Jagdish Sahai, J.
1. This is an application made by Sri Satyesh Dutt Misra (hereinafter called the applicant) for the stay of the execution of the ejectment part of the decree until the review application made by the applicant has been disposed oi.
2. Our brother, Lakshmi Prasad, had dismissed a second appeal filed by the applicant on the ground that no question of law was involved in that appeal. The only question that was urged before Lakshmi Prasad, J. was whether the house in dispute was constructed in 1960 or earlier He was of the opinion that the question was one of pure fact. He felt himself bound by the finding recorded by the first appellate Court that it was constructed in 1951. After the judgment had been sealed and signed on 26th July, 1967, the applicant made an application for the review of that judgment on 4th of August, 1967. The ground on which the review application is founded is that a learned single Judge of this Court (Dhawan J.) has in Khiva Ram v. Prabha Devi, 1965 All LJ 1045, held while dealing with a similar question that it was a finding in respect of a jurisdictional fact and could be reopened in second appeal. Lakshmi Prasad. J. was of the opinion that there are no merits in the review application and that he did not agree with the decision recorded by Dhawan, J. in Khiva Ram v. Prabha Devi (Supra). He was also of the opinion that Chaube Jagdish Prasad v. Ganga Prasad. AIR 1959 SC 492, on which Dhawan J., relied was not applicable to the facts of the case and was clearly distinguishable. But in view of the existence of 1966 All LJ 1045 (Supra), Lakshmi Prasad, J. thought that the proper thing to do would be to refer the matter to a Bench so that the correctness or otherwise of 1966 All LJ 1045 (Supra) may be decided.

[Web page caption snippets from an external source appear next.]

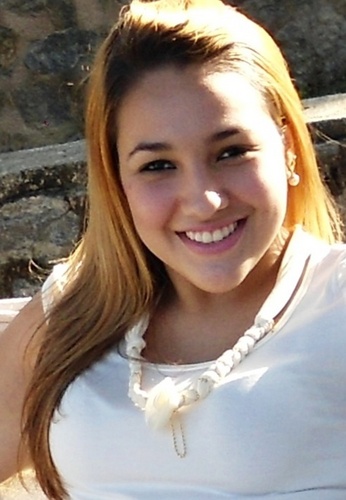 18 anos, carioca, universitária, flamenguista, capricorniana, e o resto voce só vai descobrir se me seguir (; ahah ;*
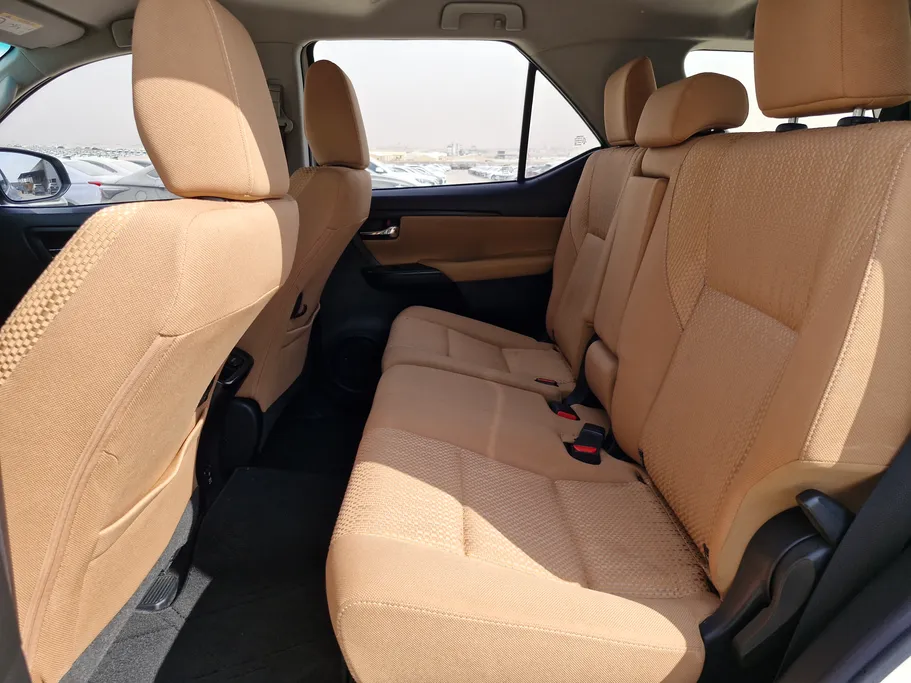 تويوتا فورتشنر GX 2021 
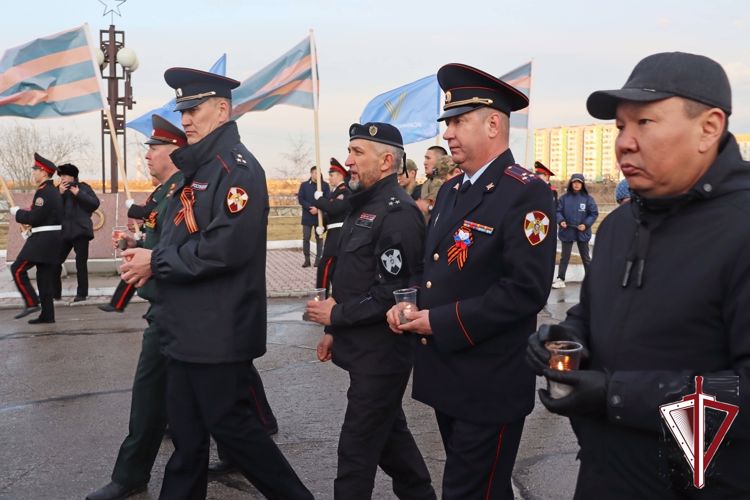 В Якутске руководящий состав тероргана Росгвардии принял участие в акции «Свеча Победы»
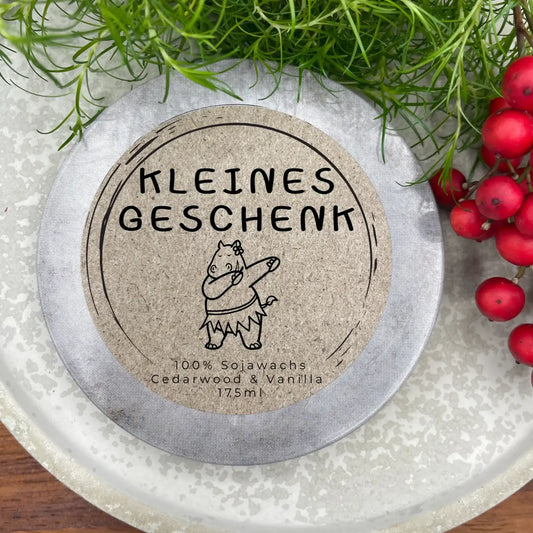 Kleines Geschenk - lustiges tanzendes Nilpferd - kreative PREMIUM Duftkerze aus dem Südschwarzwald - Handgegossen und Handbesetzt - vegan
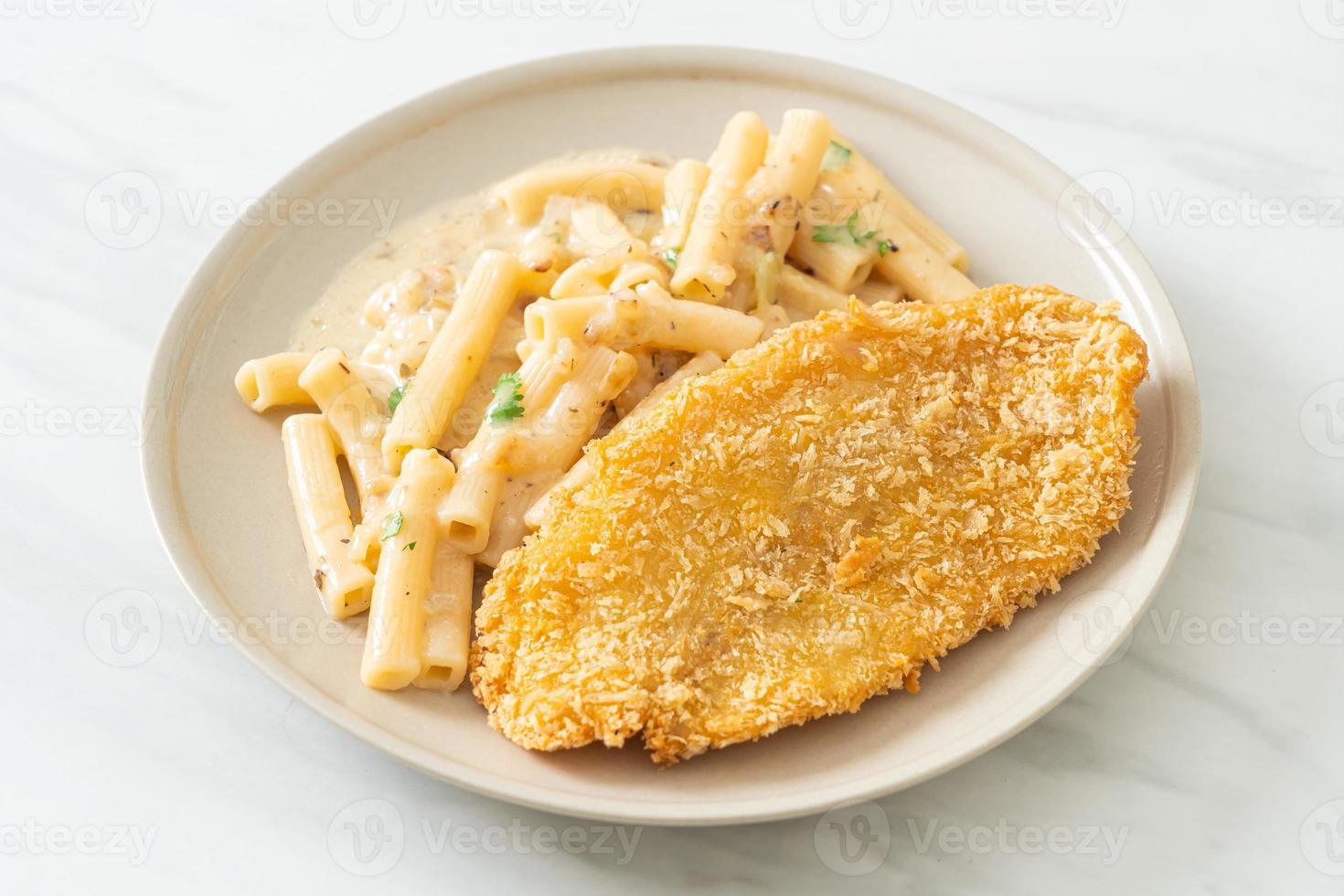 penne quadrotto fatto in casa sugo di panna bianca con frittura di pesce foto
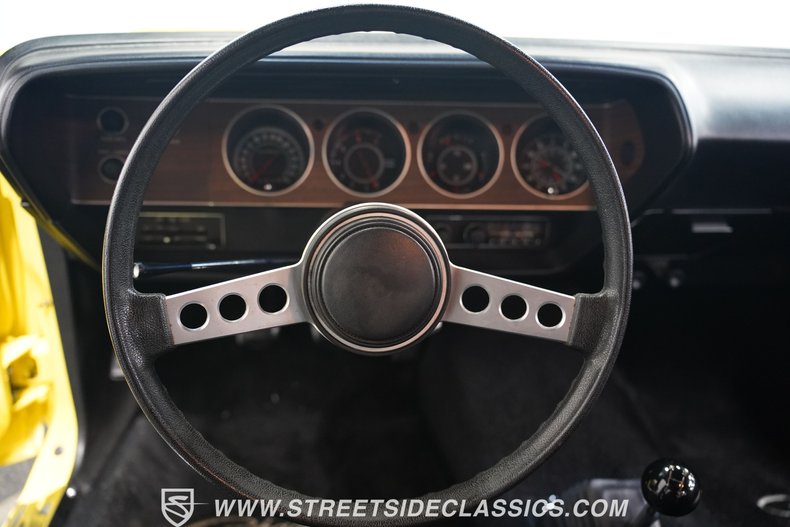 Unknown-Challenger-1972-Banana-Black-4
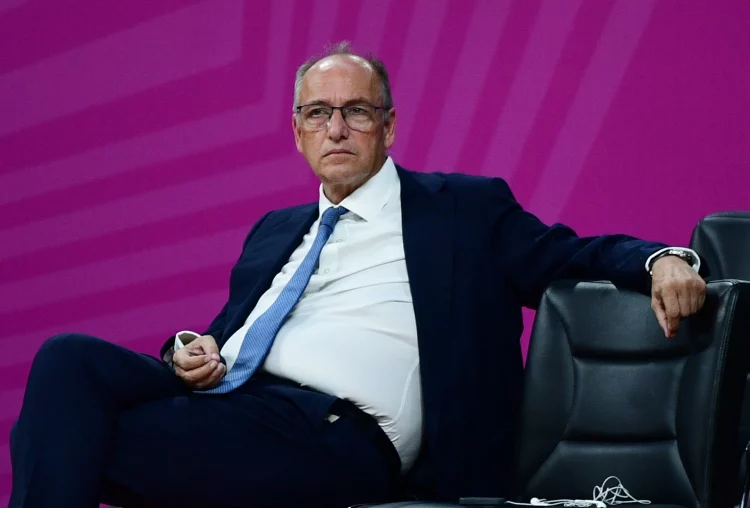 Οπαδοί του Παναθηναϊκού επιτέθηκαν φραστικά στον πρόεδρο της ΕΟΚ σε εστιατόριο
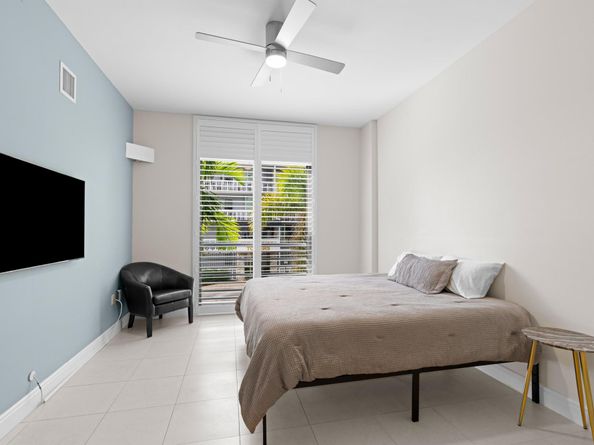 108 Lake Avenue 203, Lake Worth Beach FL 33460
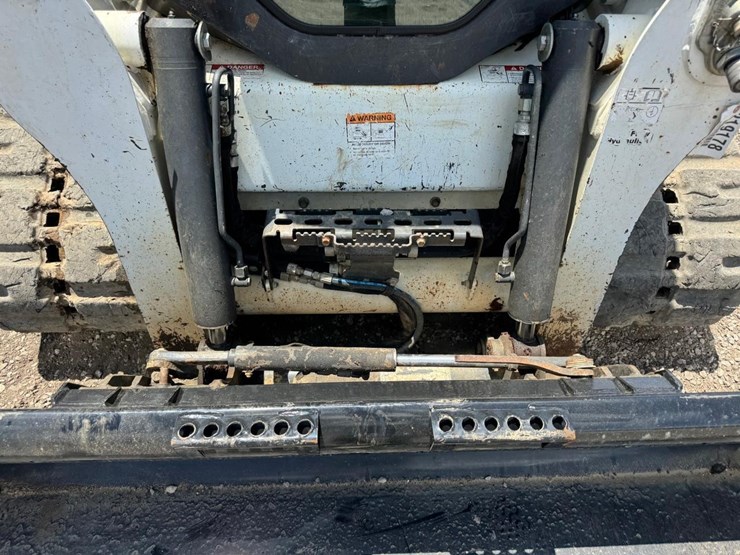 2017-bobcat-t750-image-11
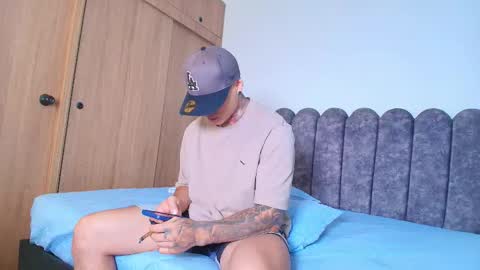 Snapshot of marko_toro__ chatting on November 2025 11:58:01 PM Sebastian online show from November 2025 11:58:01 PM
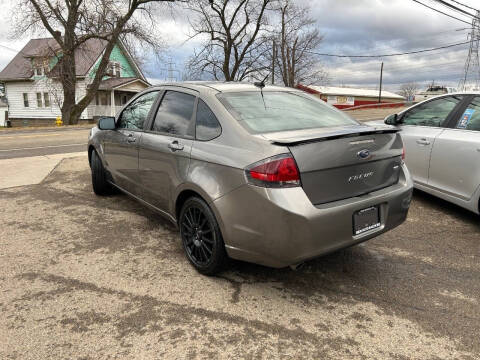2011 Ford Focus Sport SES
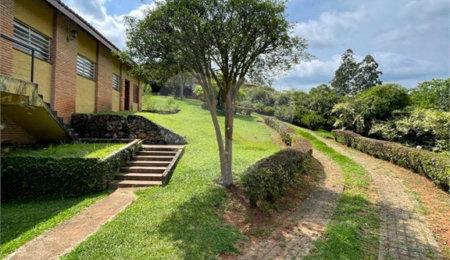 Sítio à venda com 3 quartos, sendo 1 suíte,  em Jardim Estância Brasil, Atibaia, SP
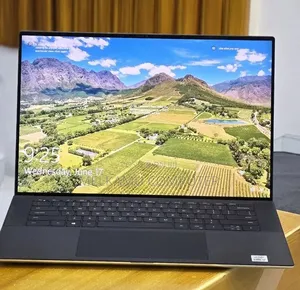 New Laptop Dell XPS 15 16GB Intel Core i7 SSD 512GB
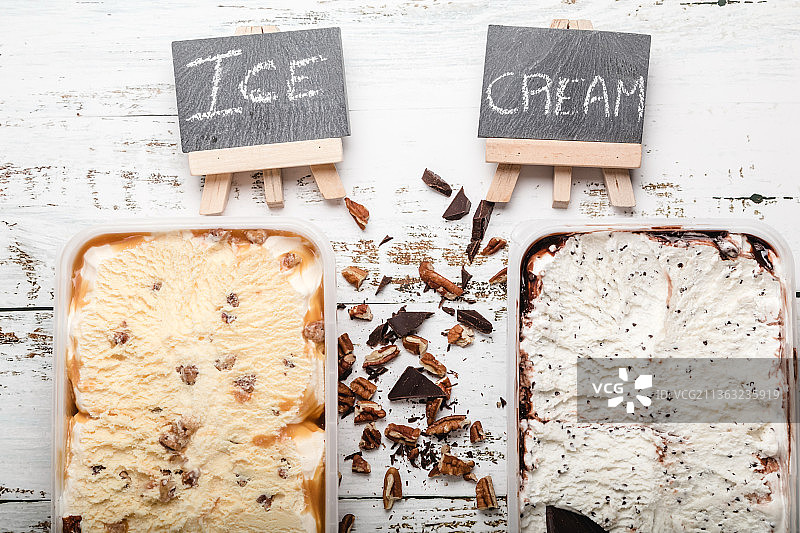 美味的冰淇淋甜点与各种配料图片素材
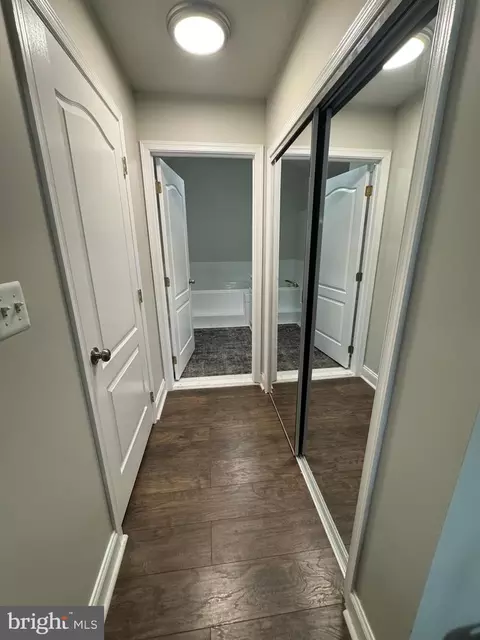 Entry Way - 20153 Valhalla Sq, Ashburn, VA 20147 photo 10 of 14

The order passed by him reads:--
'Left to myself I would have dismissed the application for review but because of tie decision of the learned Single Judge which does appear to support the stand of the applicant, I direct that the record of the case be laid before the Hon'ble the Chief Justice for referring it to a larger Bench to reconsider the view expressed by the learned Single Judge in the case cited above'.
3. The applicant has prayed in the instant application that proceeding for his ejectment be stayed until the review application is disposed of. The legal and the factual position is that so far as this Court is concerned, the matter has been finally adjudicated upon by this Court inasmuch as the second appeal of the applicant was dismissed under Order 41, Rule 11, Civil P. C. on 26th July 1967. The mere fact that a review application has been made does not in any way dimmish the effect of the order of this Court dated 26th July 1967 dismissing the second appeal of the applicant and the decree of the first appellate Court which has become final.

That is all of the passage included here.